Both the line with "Mavi lehim sembolü" and the line with "Strauss Round Shape" in the records below must appear in the output, along with every line between them, exactly and with nothing added.

SUPPLIED RECORDS.
>>
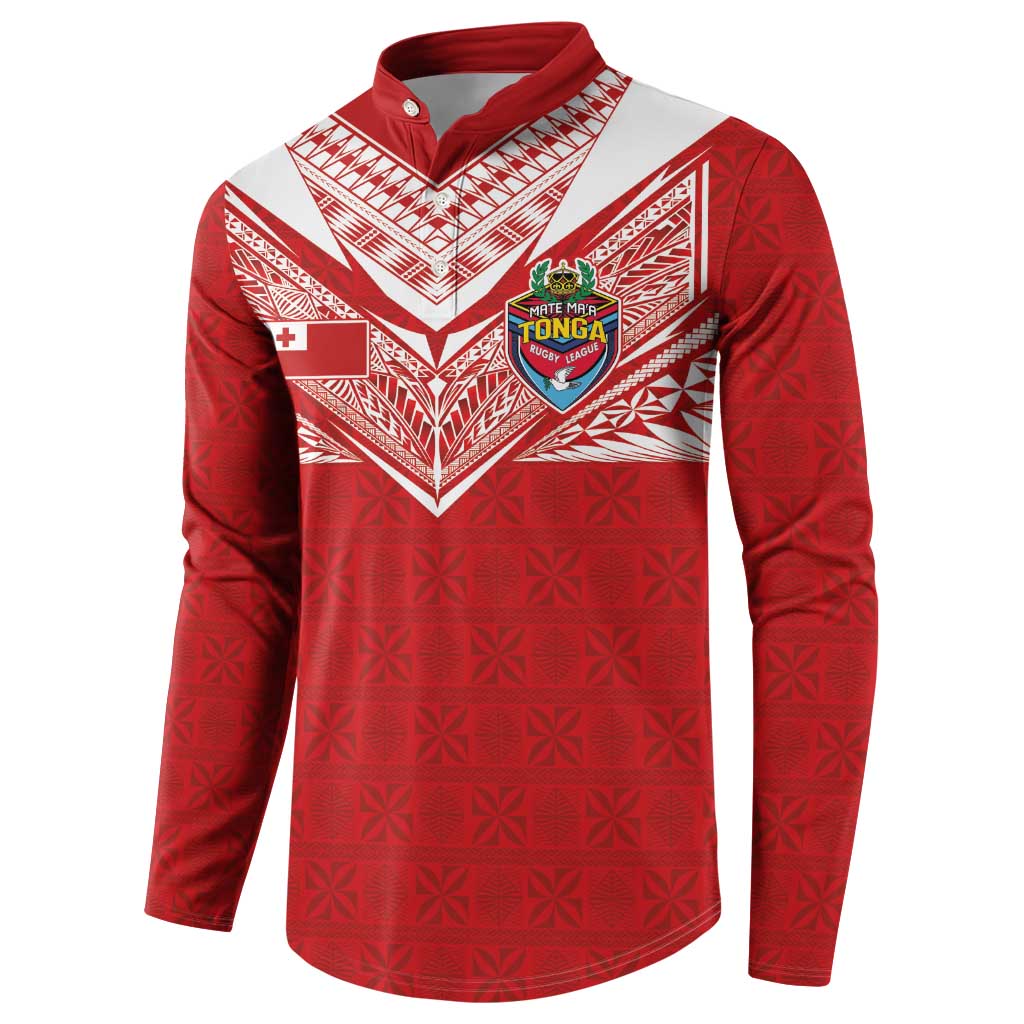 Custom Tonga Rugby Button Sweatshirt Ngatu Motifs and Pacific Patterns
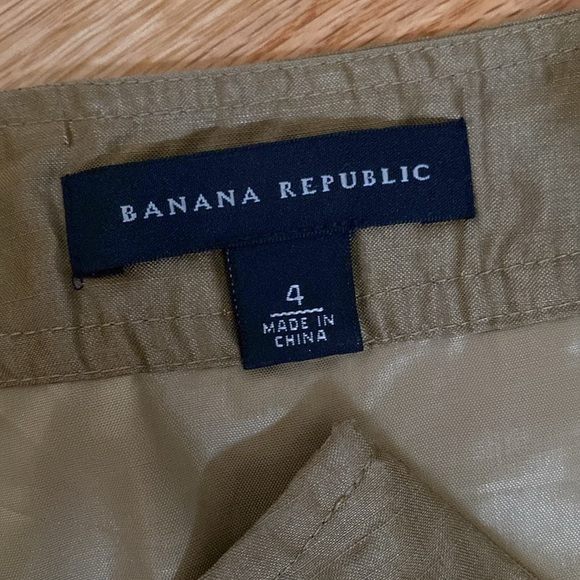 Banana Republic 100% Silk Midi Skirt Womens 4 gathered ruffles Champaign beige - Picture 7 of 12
<<
>>
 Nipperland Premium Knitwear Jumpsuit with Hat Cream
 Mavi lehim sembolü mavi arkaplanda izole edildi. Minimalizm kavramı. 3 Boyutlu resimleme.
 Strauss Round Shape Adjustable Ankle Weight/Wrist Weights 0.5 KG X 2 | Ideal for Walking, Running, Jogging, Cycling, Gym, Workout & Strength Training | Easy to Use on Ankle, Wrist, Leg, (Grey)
<<
RESPONSE FOR THIS EXERCISE.
 Mavi lehim sembolü mavi arkaplanda izole edildi. Minimalizm kavramı. 3 Boyutlu resimleme.
 Strauss Round Shape Adjustable Ankle Weight/Wrist Weights 0.5 KG X 2 | Ideal for Walking, Running, Jogging, Cycling, Gym, Workout & Strength Training | Easy to Use on Ankle, Wrist, Leg, (Grey)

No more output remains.